A walk on the Cape Town waterfront

 

 

For me the Cape Town Waterfront starts at the City Lodge. You stood by the main door for a glimpse of the Waterfront’s iconic Clock Tower in the distance, while gangs of rag-clad men with bulging Mandrax eyes watched your moves like lions monitoring a lone, lost impala.

Not any more; I have to reset my bearings: the only jungle that comes to mind nowadays is the disorder of construction that stretches into the Silos and the North Wharf. As for the posse of men, who made you hail down a taxi rather than walk past them, they’re all gone.

I now have to align myself properly to discern the deep red of the Clock Tower, buried as it is between the Diamond Museum on the right and the Golf Hall of Fame on the left. But as I walk and wonder in the New Brave Waterfront, I ask myself: would I get an impression of London by just visiting Canary Wharf? Do I want every place in the world to look like Dubai or Singapore?

I have my own pet theory about the Waterfront. It became popular for two reasons: it used to be the only place you could walk around safely at night and because this is where the boats to Robben Island used to sail from, so it was a must-get-to.

The boats still leave from here, although a new, sheet-glass Nelson Mandela Gateway and Museum now dominates their docking. Like many new South African museums it is big on explanations and low on exhibits. Only one corner with original photographs – sorry, copies of original photographs – can be deemed interesting. At least entrance is free.

I have mixed feelings about the Waterfront, because the new structures – including the obligatory Ferris wheel – surround a truly historic centre. The V&A Hotel dates from 1904 when it was a coal store later converted to a warehouse for shipping. The Robinson Dry dock is one of the oldest in the world still in use. The North Wharf, which you can hardly recognise as a wharf today, was the location of the original 1840 jetty; a wooden deck at North Wharf square marks its position. The Silo Buildings and Nelson Mandela Gateway conceal long standing seal colonies.

The preponderance of fast food outlets, hipster cafes and designer shops, makes it difficult to visualise that this was the gateway to southern Africa. For three centuries every trek to the interior started under the shadow of the Table Mountain ever since Jan van Riebeeck established a small Dutch post in April 1652. I wonder what the old sea-salt would have made of today’s complete smoking ban over the Waterfront that extends to the open air.

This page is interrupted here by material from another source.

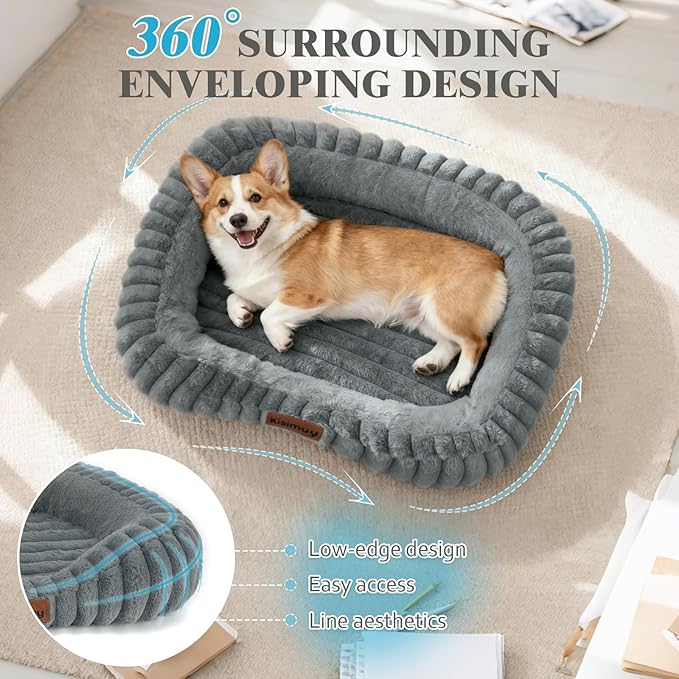 Dog Bed Large Size Dogs Washable Soft Furry Pet Bed, Calming Rectangle Large - Image 8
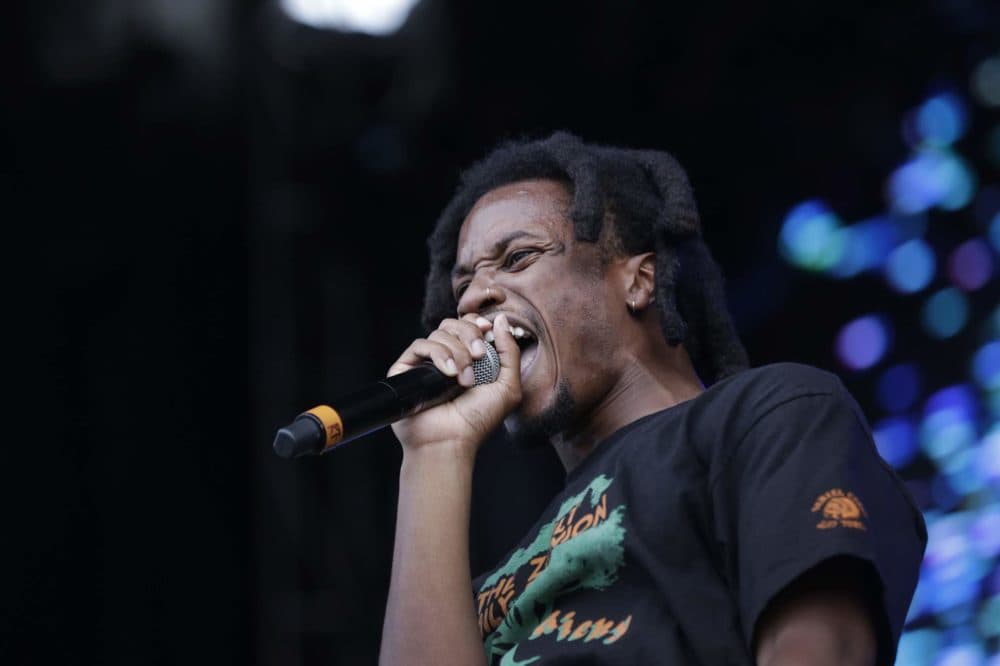 Denzel Curry performs. (Hadley Green for WBUR)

Cape Town prospered even without natural or artificial docks; but come here outside the summer and the gales will blow you all the way to the top of Lion’s Head. Ships often ran aground by the Cape’s infamous northwesterlies, which is why by the middle of the 19th century Lloyd’s of London refused to insure them point blank: they had to winter in False Bay instead. This provided the impetus for the construction of the V&A Waterfront in the 1860s.

 

 

Locals love to correct you when you interpret the initials as ‘Victoria & Albert’. No, the A stands for Alfred, the Queen’s second son. He joined the Royal Navy and visited Cape Town in 1860 to inaugurate the Waterfront works; he returned in 1867 to see them complete.

Despite the prevailing funfair feeling, we should be thankful that new buildings in the centre have some historical awareness with no gherkins or shards among them, but this makes it more difficult to tell the new from the old.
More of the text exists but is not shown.